THE DATA |
*** Block opens ***

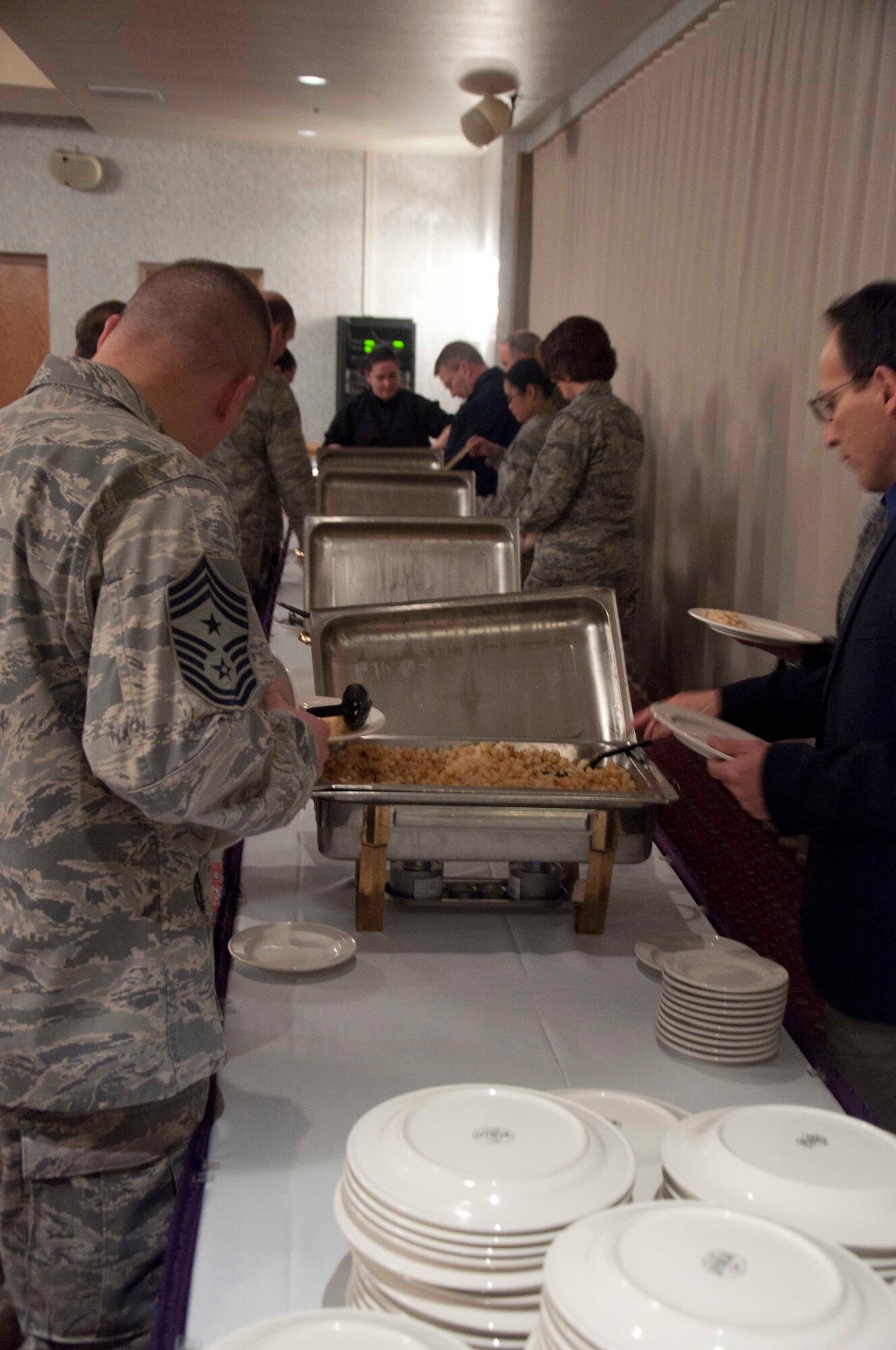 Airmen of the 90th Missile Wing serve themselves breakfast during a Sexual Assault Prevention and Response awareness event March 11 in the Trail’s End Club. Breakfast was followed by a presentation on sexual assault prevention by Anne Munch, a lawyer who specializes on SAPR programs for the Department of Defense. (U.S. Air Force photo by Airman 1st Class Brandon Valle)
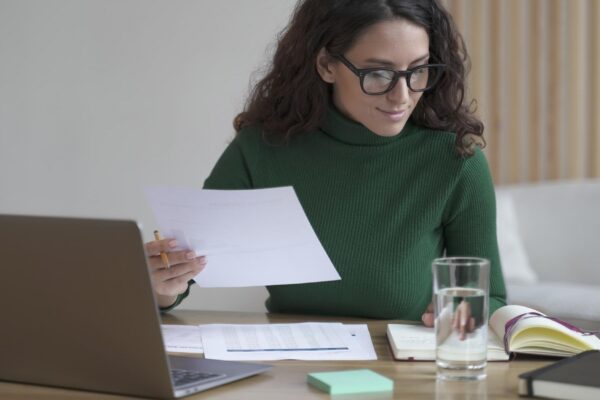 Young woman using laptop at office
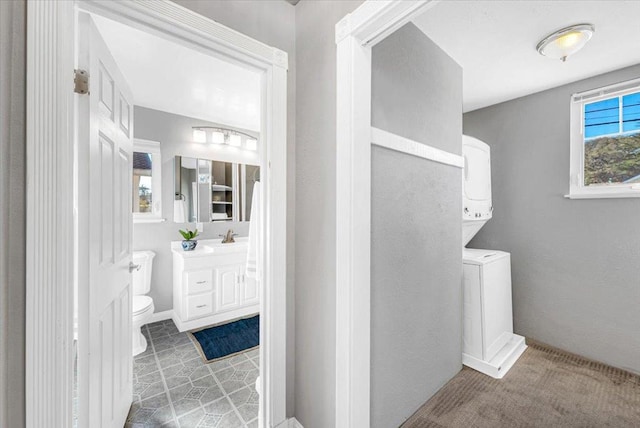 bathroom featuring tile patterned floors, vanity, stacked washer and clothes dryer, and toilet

*** Block closes ***

TASK DESCRIPTION |
Full transcription of the material, exact in every line, without images.

SOLVED EXERCISE |
 Airmen of the 90th Missile Wing serve themselves breakfast during a Sexual Assault Prevention and Response awareness event March 11 in the Trail’s End Club. Breakfast was followed by a presentation on sexual assault prevention by Anne Munch, a lawyer who specializes on SAPR programs for the Department of Defense. (U.S. Air Force photo by Airman 1st Class Brandon Valle)
 Young woman using laptop at office
 bathroom featuring tile patterned floors, vanity, stacked washer and clothes dryer, and toilet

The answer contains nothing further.